The response should consist of the records that follow, printed exactly.

(Entries taken from a collection)
[Start of section]

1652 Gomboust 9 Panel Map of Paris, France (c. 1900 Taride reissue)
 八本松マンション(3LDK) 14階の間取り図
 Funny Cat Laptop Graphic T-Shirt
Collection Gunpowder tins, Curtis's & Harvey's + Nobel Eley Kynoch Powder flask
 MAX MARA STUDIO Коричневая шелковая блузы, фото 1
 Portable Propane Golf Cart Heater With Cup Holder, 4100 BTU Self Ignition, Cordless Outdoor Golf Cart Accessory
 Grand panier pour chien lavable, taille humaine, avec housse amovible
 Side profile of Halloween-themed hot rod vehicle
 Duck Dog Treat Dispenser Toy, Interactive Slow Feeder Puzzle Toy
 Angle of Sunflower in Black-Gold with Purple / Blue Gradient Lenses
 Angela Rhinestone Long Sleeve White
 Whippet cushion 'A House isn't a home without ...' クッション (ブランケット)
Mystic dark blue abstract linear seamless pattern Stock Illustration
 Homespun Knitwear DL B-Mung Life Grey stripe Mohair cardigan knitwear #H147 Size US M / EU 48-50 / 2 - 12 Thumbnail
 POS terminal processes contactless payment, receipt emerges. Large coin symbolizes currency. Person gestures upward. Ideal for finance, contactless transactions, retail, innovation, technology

[End of section]

◆ Task answer:
1652 Gomboust 9 Panel Map of Paris, France (c. 1900 Taride reissue)
 八本松マンション(3LDK) 14階の間取り図
 Funny Cat Laptop Graphic T-Shirt
Collection Gunpowder tins, Curtis's & Harvey's + Nobel Eley Kynoch Powder flask
 MAX MARA STUDIO Коричневая шелковая блузы, фото 1
 Portable Propane Golf Cart Heater With Cup Holder, 4100 BTU Self Ignition, Cordless Outdoor Golf Cart Accessory
 Grand panier pour chien lavable, taille humaine, avec housse amovible
 Side profile of Halloween-themed hot rod vehicle
 Duck Dog Treat Dispenser Toy, Interactive Slow Feeder Puzzle Toy
 Angle of Sunflower in Black-Gold with Purple / Blue Gradient Lenses
 Angela Rhinestone Long Sleeve White
 Whippet cushion 'A House isn't a home without ...' クッション (ブランケット)
Mystic dark blue abstract linear seamless pattern Stock Illustration
 Homespun Knitwear DL B-Mung Life Grey stripe Mohair cardigan knitwear #H147 Size US M / EU 48-50 / 2 - 12 Thumbnail
 POS terminal processes contactless payment, receipt emerges. Large coin symbolizes currency. Person gestures upward. Ideal for finance, contactless transactions, retail, innovation, technology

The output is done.